March 8, 2012
Does one Bible fit all Christian readers and denominations?
When translating from ancient Hebrew, Greek, or Aramaic languages into contemporary English, variations occur because of the synonyms translators choose from and also because of archaic phrases that would puzzle readers today. Some translators convert each word into English, but most choose to render old idioms or colloquial expressions into current thoughts or contemporary phrases, rather than translating word for word.
If you plan to write Bible stories, Bible studies, church curriculum, or other Bible-based poems and manuscripts for Catholic, Protestant, and Orthodox readers, you’ll do well to compare the many fine translations on the Internet, or, better yet, get a copy of every English version of the Bible you can find.
As you see how biblical scholars translate a familiar verse or story in a truthful but fresh or unfamiliar way, you’ll broaden your view of God’s word and better understand where your readers are coming from, regardless of their denominational beliefs.
Whether you use Catholic, Protestant, or Orthodox editions of the Bible, all of the books of the New Testament will be the same and in the same order.
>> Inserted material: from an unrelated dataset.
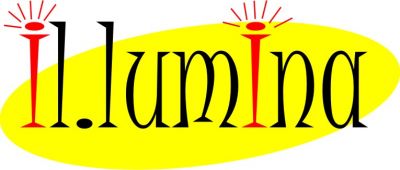 www.il-lumina.com Tienda online de lamparas e iluminacion decorativa y t�cnica, bombillas y velas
In the Hebrew Bible or “Old Testament,” however, the number and placement of the books may vary, depending on whether the translators accepted the Septuagint – the Greek Bible that most Jews and Christians read up until the first century or so.
After the destruction of the Temple in Jerusalem, the Jewish leaders agreed to accept only the books written in Hebrew as they canonized the Bible, but the early church continued to use the books in the Greek Bible too, referring to them as deuterocanonical.
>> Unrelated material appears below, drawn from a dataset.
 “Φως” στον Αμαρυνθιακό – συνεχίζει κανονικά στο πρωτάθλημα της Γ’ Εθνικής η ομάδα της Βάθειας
Then, after the Reformation, the deuterocanonical books were removed from English versions, including the King James Version, which originally included them all. After this, the “extra” canonical books were generally referred to as apocryphal, which means hidden.
Those books remained hidden from many of us until recently. But then, just this week as I researched information for the new posting “Which Bible would Jesus choose?” for the Bible Reviewer blog, I discovered that almost every translation of the Christian Bible now offers all of the books!
Bible book publishers may still refer to the “extra” books as the Apocrypha, but who cares as long as you know what to look for in the bookstore. You also might enjoy, as I did, the joy of discovering those “hidden” books for your personal reading. More importantly, perhaps, Christians who once again have all of the books in common might be less apt to think of ourselves according to denominations but according to our solid word-for-word translation into the Kingdom of God through our one Lord and Savior Jesus Christ.
© 2012, Mary Sayler, all rights reserved. If you want to share the information in this article, be sure to acknowledge the source and website. For more information on the many wonderful translations of the Bible, visit Bible Reviewer. May God bless your Bible reading and your Christian writing life.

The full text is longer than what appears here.